*Task statement*
Please reproduce the entries exactly as they appear below, but not the pictures.

*Entries shown*
────────────────────────────────────────

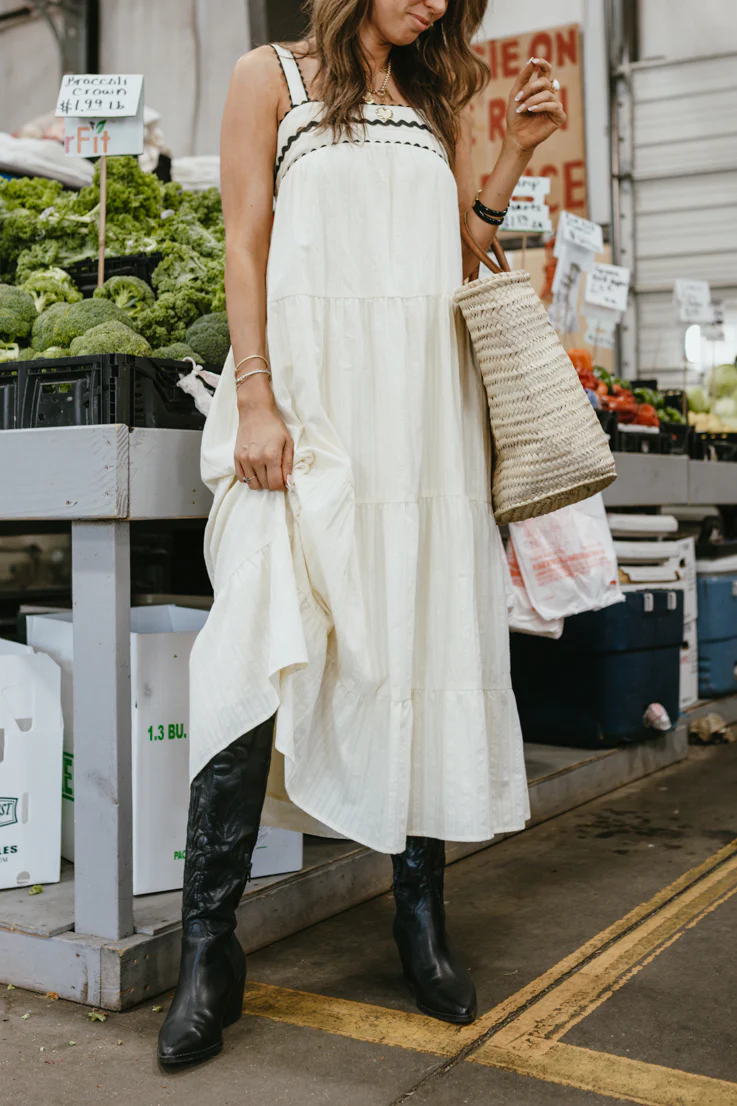 Come Rain or Shine Dress - Image 4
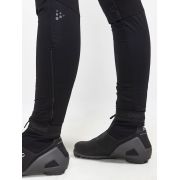 Craft Storm Balance Tights W – Pantaloni de schi fond calzi - Negru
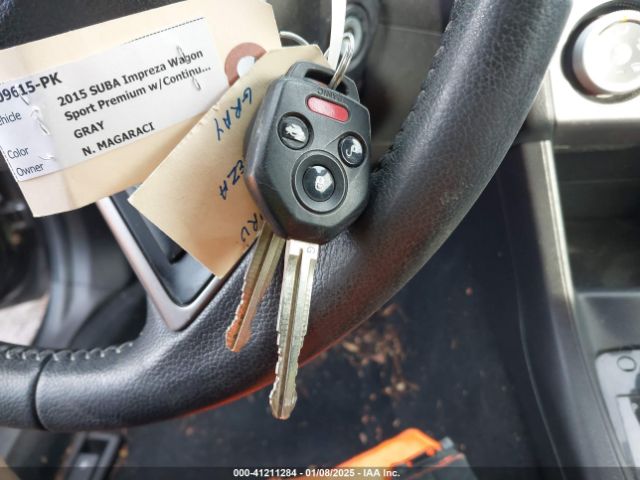 JF1GPAT67F8201040 Subaru Impreza 2.0i Sport Premium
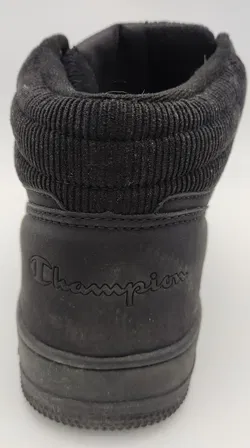 Champion RD18 MID COMB Hoher Sneaker Herren, schwarz - Gr. 44 - Bild 3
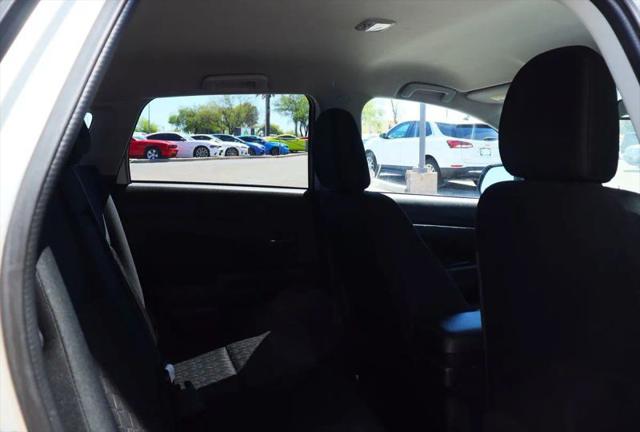 2025 Mitsubishi Outlander Sport 2.0 S AWC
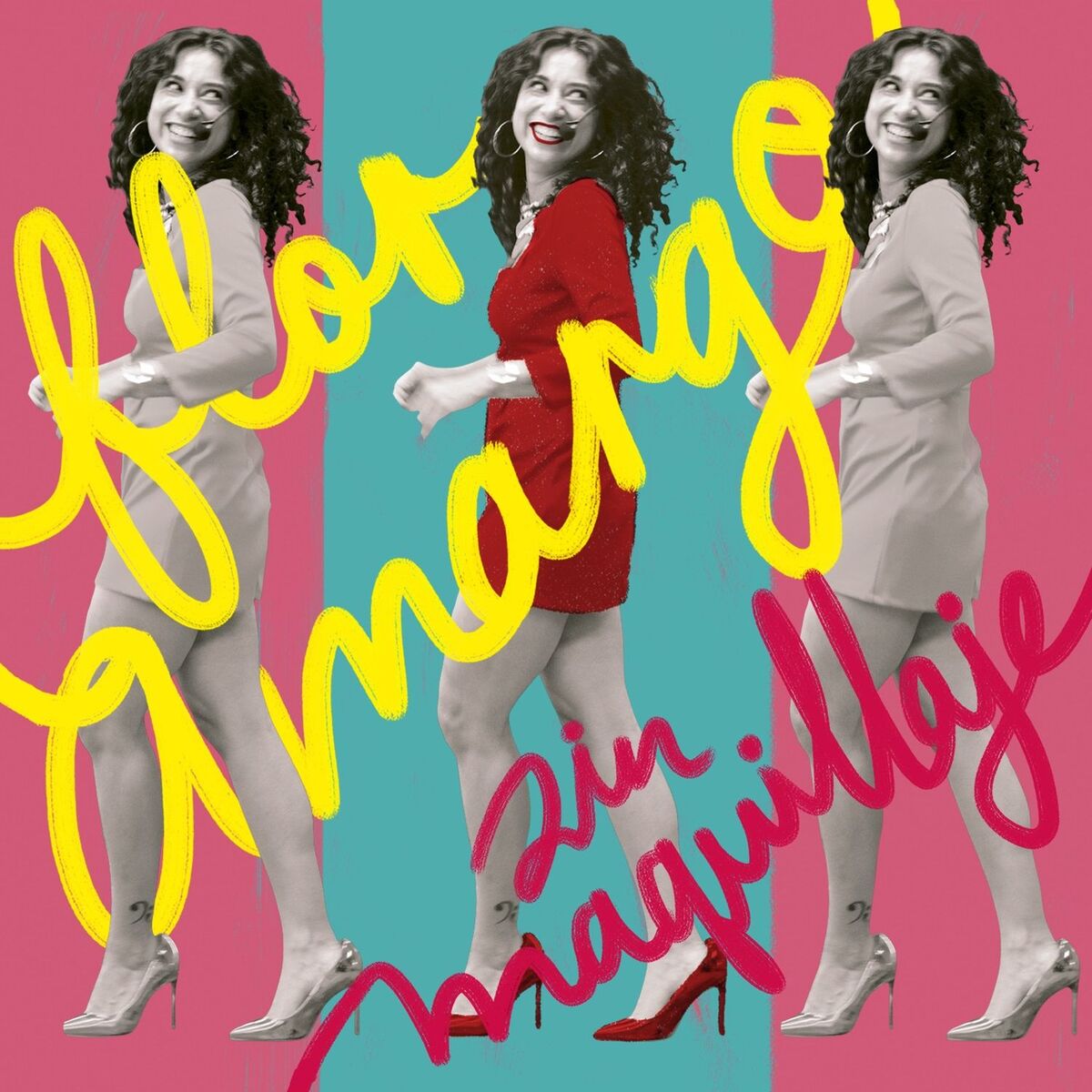 Album cover of Sin Maquillaje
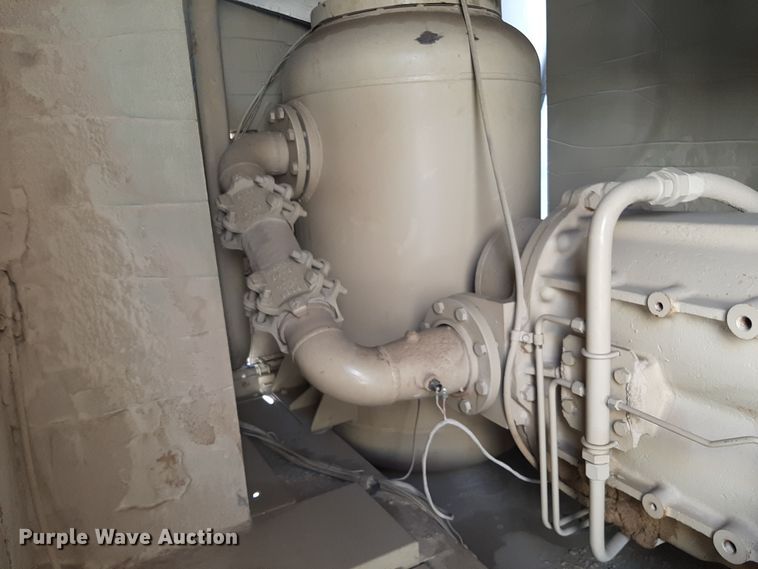 image for item LX9851 1991 Great Lakes  sandblasting trailer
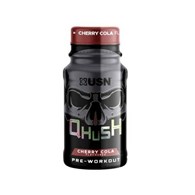 USN Qhush 60 ml Cherry Cola / Wiśnia Cola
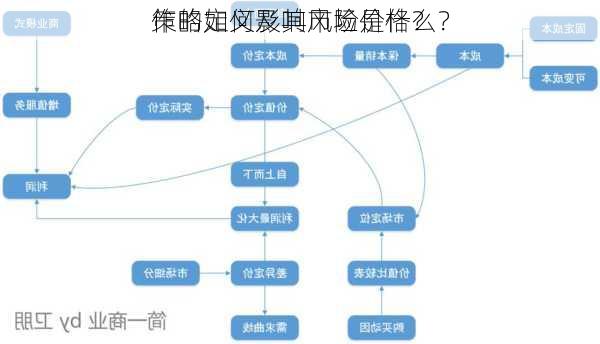 作的定义及其风险是什么？
策略如何影响市场价格？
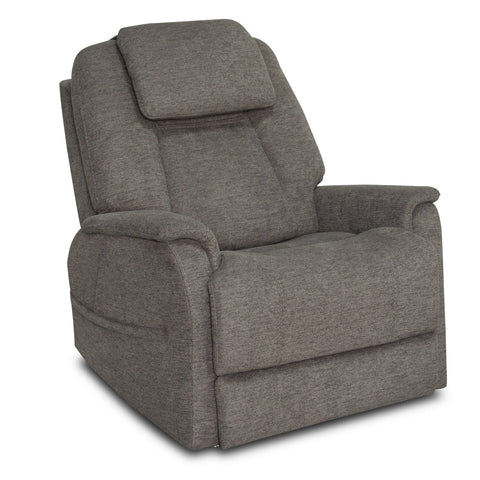 Zecliner Model 3+ Petite Power Sleep Recliner with Power Headrest, Lumbar, Heat & Massage by Flexsteel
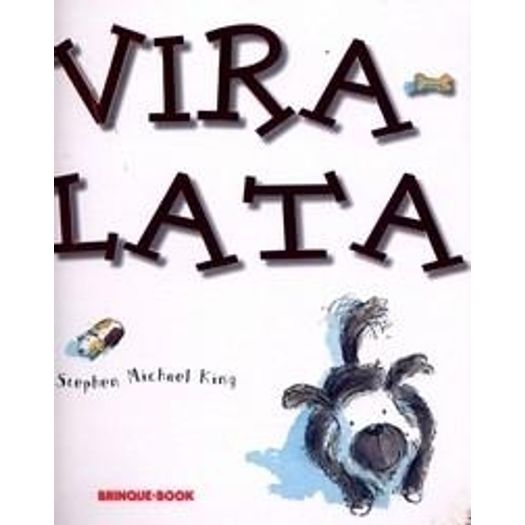 Vira Lata - Brinque Book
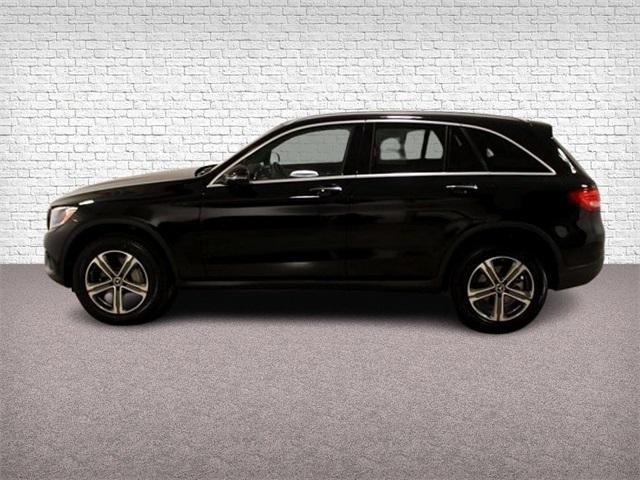 used 2019 Mercedes-Benz GLC 300 car, priced at $27,999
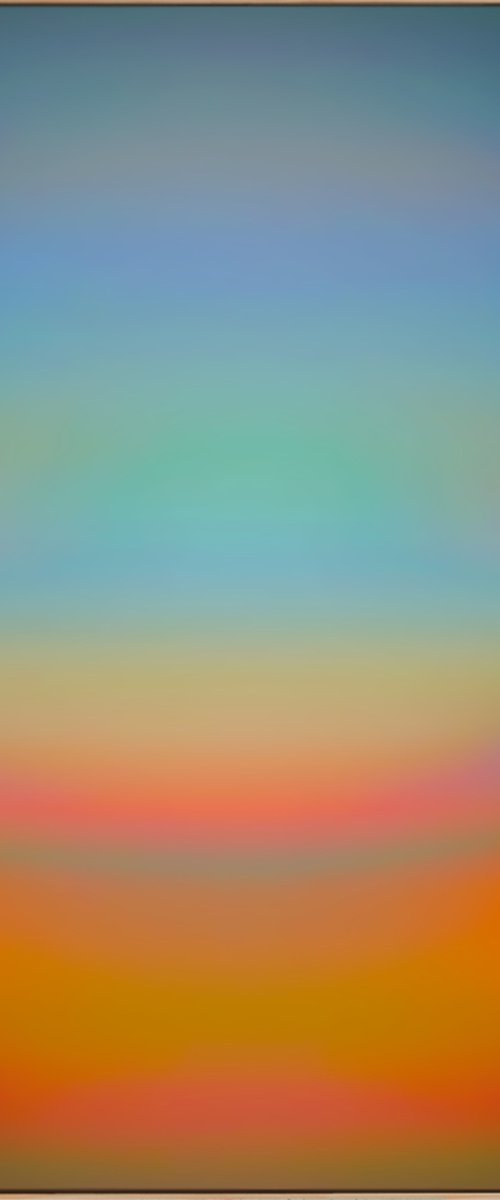 Ocean of Light, study 1 by Jonas Peres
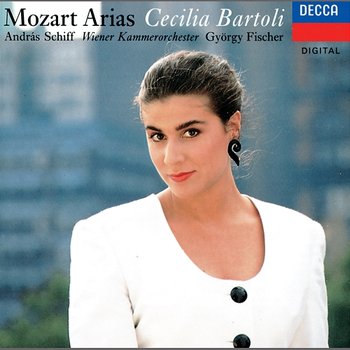 Cecilia Bartoli - Mozart Arias - Cecilia Bartoli, András Schiff, Wiener Kammerorchester, György Fischer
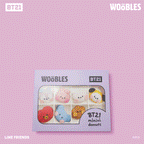 BT21 minini Donut Collector’s Box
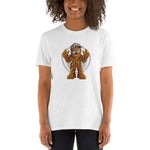 Chewbacca - Short-Sleeve Unisex T-Shirt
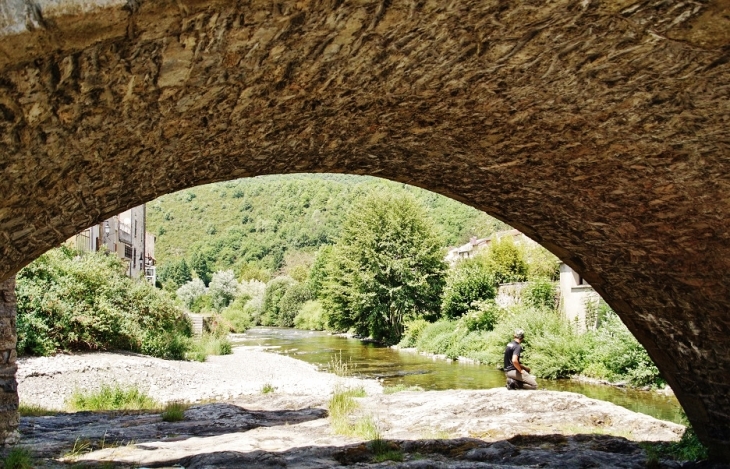 Le Dourdou - Brusque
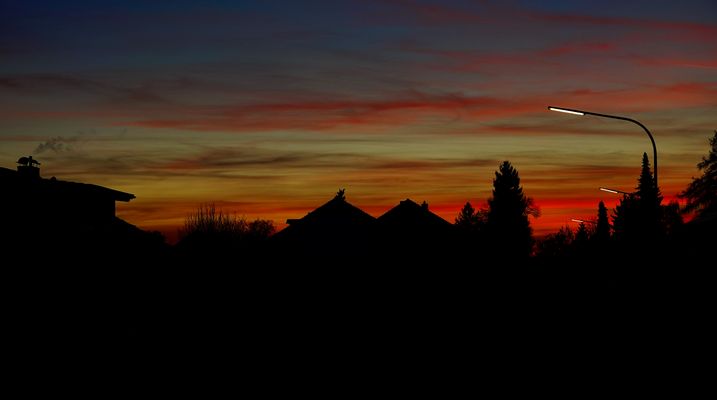 Wenn die Engel Plätzchen backen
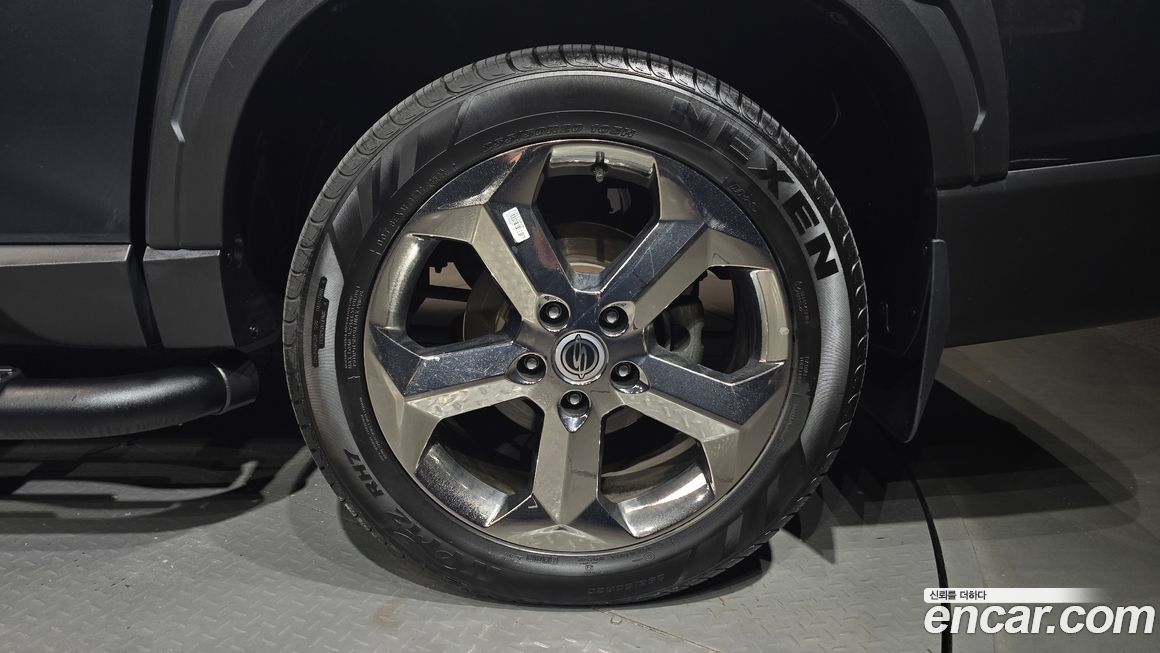 KG_Mobility_Ssangyong Rexton 2023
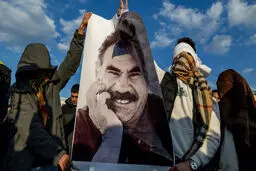  فرصتی برای پایان مناقشه کردی در ترکیه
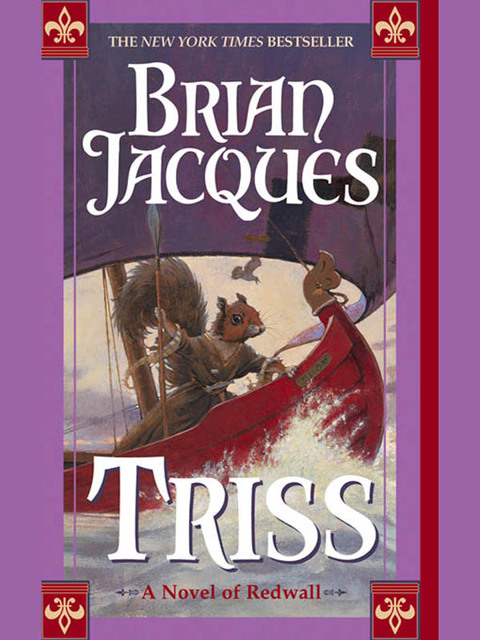 Cover image for book Triss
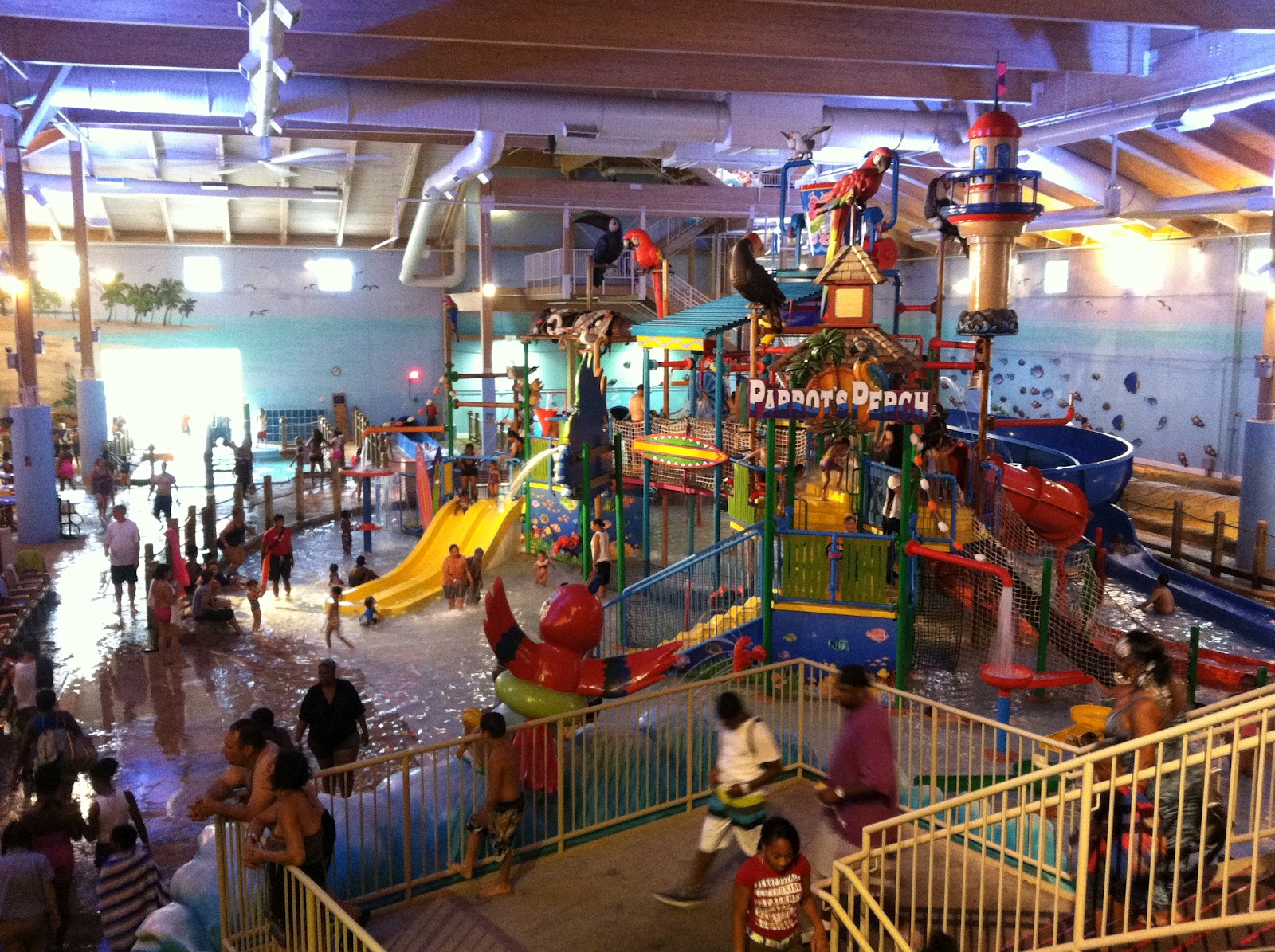 A Sterling Life! Family Fun at CoCo Key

────────────────────────────────────────

*Output of the exercise*
 Come Rain or Shine Dress - Image 4
 Craft Storm Balance Tights W – Pantaloni de schi fond calzi - Negru
 JF1GPAT67F8201040 Subaru Impreza 2.0i Sport Premium
 Champion RD18 MID COMB Hoher Sneaker Herren, schwarz - Gr. 44 - Bild 3
 2025 Mitsubishi Outlander Sport 2.0 S AWC
 Album cover of Sin Maquillaje
 image for item LX9851 1991 Great Lakes  sandblasting trailer
 USN Qhush 60 ml Cherry Cola / Wiśnia Cola
 作的定义及其风险是什么？
策略如何影响市场价格？
 Zecliner Model 3+ Petite Power Sleep Recliner with Power Headrest, Lumbar, Heat & Massage by Flexsteel
 Vira Lata - Brinque Book
 used 2019 Mercedes-Benz GLC 300 car, priced at $27,999
 Ocean of Light, study 1 by Jonas Peres
 Cecilia Bartoli - Mozart Arias - Cecilia Bartoli, András Schiff, Wiener Kammerorchester, György Fischer
 BT21 minini Donut Collector’s Box
 Chewbacca - Short-Sleeve Unisex T-Shirt
 Le Dourdou - Brusque
 Wenn die Engel Plätzchen backen
 KG_Mobility_Ssangyong Rexton 2023
  فرصتی برای پایان مناقشه کردی در ترکیه
 Cover image for book Triss
 A Sterling Life! Family Fun at CoCo Key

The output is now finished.